Contrary to common perception, naming projects is a well-researched and executed exercise. Most leading developers invest a great deal of psychology and marketing thought in this process. The aim is to best convey the value proposition and market positioning of the project in one or a few words. At other times, the goal may be to stir up a certain aspiration, in the minds of the target clientele or associate the project to uber-luxury or select global locations.
For example, continental names intend to conjure images of exotic European locales and life there. Generally, it is the theme-based or luxury projects and gated townships that get named in such a fashion. The developer tries to evoke a sense of ‘arrival’ in the buyers’ minds, apart from representing the global ambience and exclusiveness that such a project would offer.
Two upcoming projects in Mumbai have been named after Paris (featuring French-styled apartments) and Miami (as the project gives a great view of the Mahim bay).

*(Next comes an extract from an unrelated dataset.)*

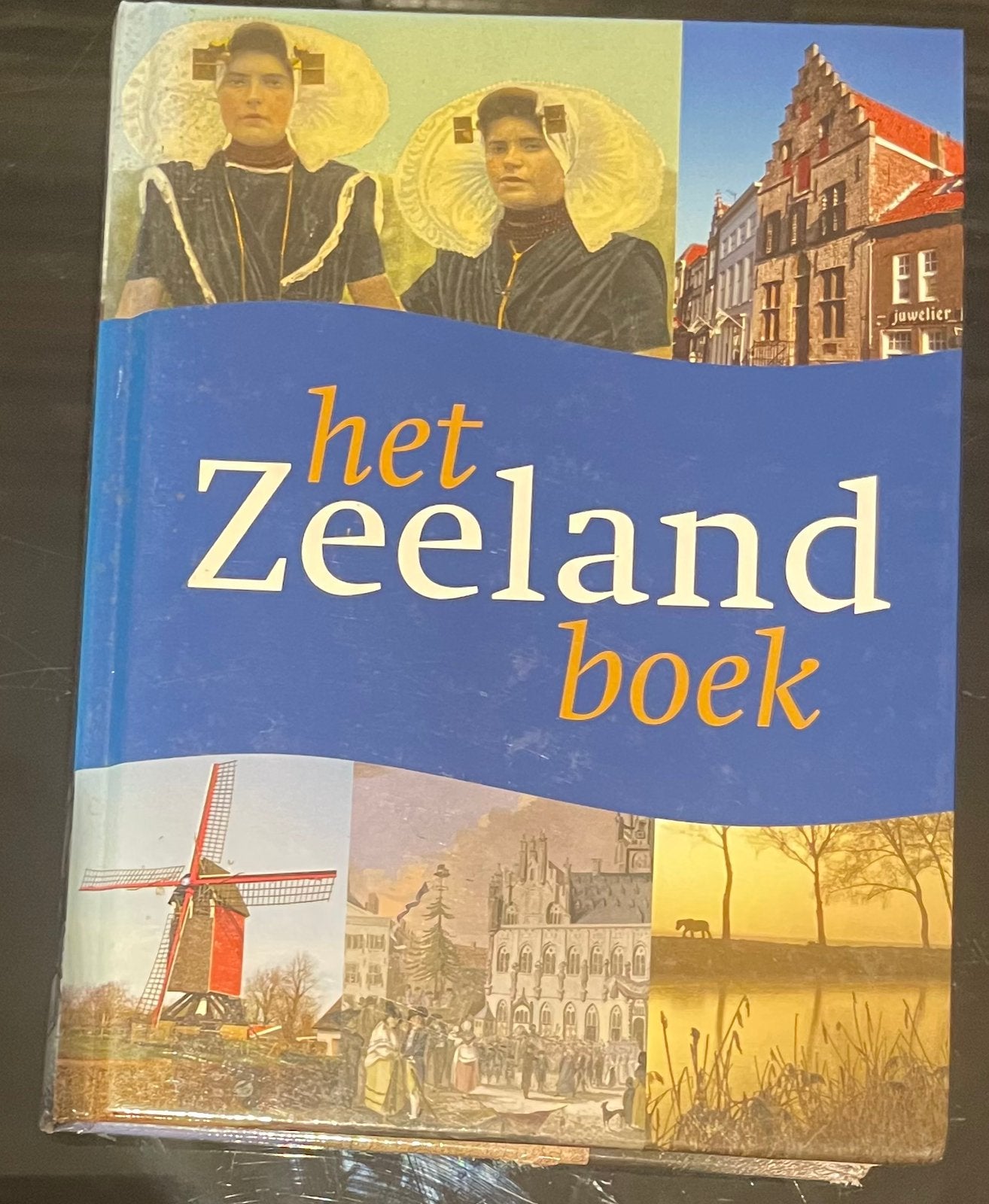 P. Sijnke - Zeeland Boek, Ophalen of Verzenden, Zo goed als nieuw, P. Sijnke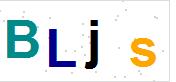 看不到验证码？点击重新换一个！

In Bengaluru, Prestige named two projects after London’s Kensington Gardens and Wellington Park, as they have a lot of open spaces, greenery and recreational facilities.
In Noida, an under-construction mixed-use development is called ‘Twin Towers’ – perhaps, with the intention of making an impression as an edifice. Sometimes, names are associated to architectural styles too. For instance, a project inspired by Roman architectural style is called ‘Romano’. Projects can get other names too. ‘Fable Castle’ in the National Capital Region (NCR) is so called, because it is based on fables by Walt Disney.
Another project in NCR is called ‘La Vida’, which means ‘live life’ in Spanish. Developments around the Buddha F1 racing circuit in NCR, has buildings named ‘Speedway Avenue’, ‘Grand Stand’, ‘Grand Circuit’, etc. In Bengaluru, a luxury offering flaunts its elitist tag through the name ‘White Meadows’, which naturally conjures up images of pastoral grasslands.
How it all began
In Mumbai, this trend was most probably started by the Hiranandani Group at their flagship township in Powai, where each building was named after a Greek god or a foreign locale. The developer continued with this practice and because of its success, this unique exercise was adopted by several other developers and further innovations followed.
Different developers follow different schemes. Godrej Developers often name their buildings after foreign flora and precious stones. Thane’s Vasant Vihar area has many buildings named after Indian flora and trees, many of them having a special place in Indian culture.
Foreign flora has emerged as a common favourite, for developers across India, with many residential buildings and entire townships, named after exotic flowers. DLF’s Camellias in the NCR is inspired by an evergreen shrub’s flowers, said to symbolise desire, passion and refinement. Sobha’s Mayflower in Bengaluru, is inspired by what is considered to be the tree of love.
Now, developers are getting more innovative. The name for Omkar’s ‘Worli 1973’ project in Mumbai, is derived by merging the location’s latitude (19°) and longitude (73°). Another developer has used its initial ‘W’ to name projects. One of its projects is named ‘W54’, clearly derived from this initial followed by the number of units it was initially supposed to have. ‘Three Sixty West’ presumably gets its name because its height is 360 meters and all apartments face the western direction. ‘Avenue54’ probably gets its name because select roads are called avenues in Santacruz and the area’s pin code ends with 54. So intense is the competition of using unique tags that most developers maintain a shroud of secrecy around their projects’ names, until they have actually kicked off their marketing campaigns.
Affinity to European names
Call it a post-colonial legacy or the universal human psychology of finding foreign-sounding names more attractive but there is no denying that the Indian customer’s psyche, equates such names to better value propositions, international concepts, design and amenities. Not only non-resident Indians (NRIs) but local buyers too, are impressed by the idea of world-class designs and amenities, associated with foreign names.
Increasing globalisation has exposed Indians to international locations and the global appeal of such names attract a niche set of buyers. Also, such names are seen as neutral and cosmopolitan. Given the tangible results of using such names in recent years, it is a trend which is here to stay and developers are bound to get more and more innovative, with the science behind naming their projects.